4. Perempuan dapat berdaya dengan kemampuan dan keahlian yang dimilikinya

Tania Artawidjaya dalam stage Future is Female. (IDNTIMES/Dina Fadillah Salma)

Tania juga menerapkan kesetaraan gender dalam bisnis yang dibangunnya. Ia tidak membeda-bedakan seseorang karena gendernya, namun lebih fokus pada kemampuan dan keahliannya.

"Kalau kita bicara tentang bisnis, creativity, ideas is genderless," kata Tania.

Hal tersebut yang membuat Tania yakin bahwa perempuan memiliki kesempatan yang sama untuk bisa menjadi individu yang lebih berdaya.
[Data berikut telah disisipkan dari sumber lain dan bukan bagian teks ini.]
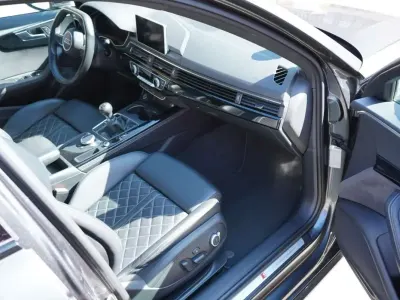 Gebraucht Audi A4 Sport 190 PS (139 kW) 2018 Grau Kombi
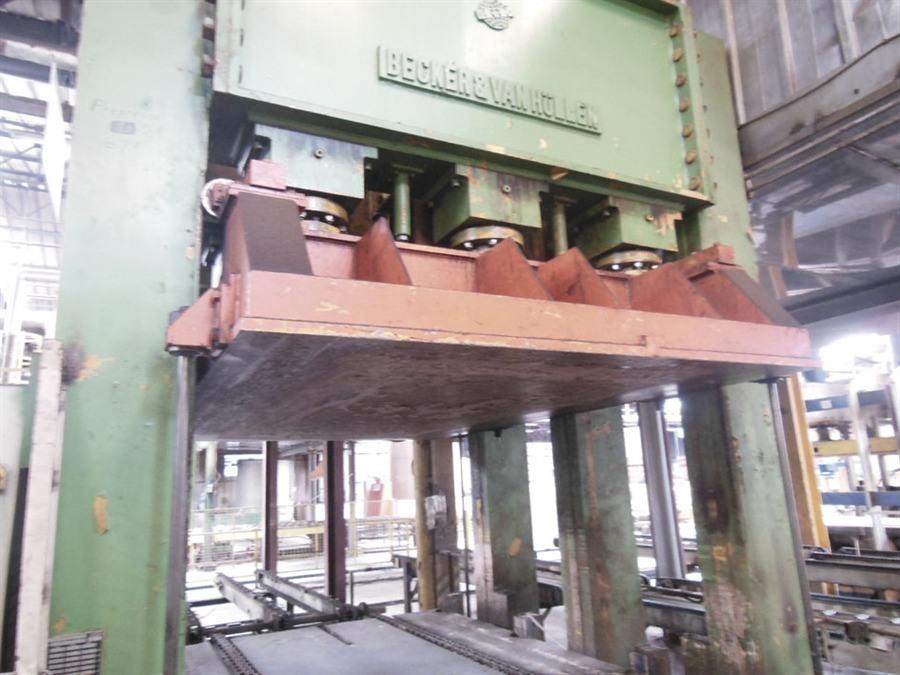 Used Warm & cold flow forming presses, Becker panel press - 650 ton N° 7910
Tania juga berharap, perempuan bisa lebih yakin dan percaya akan kemampuan dirinya. 

"Jadi, aku berharap ke depannya dengan pemikiran gen Z yang sekarang itu, bisa membuka jalan untuk para wanita lebih aware dan lebih yakin kalau sebagai wanita kita juga bisa menjadi wanita yang multiperan," jelas Tania.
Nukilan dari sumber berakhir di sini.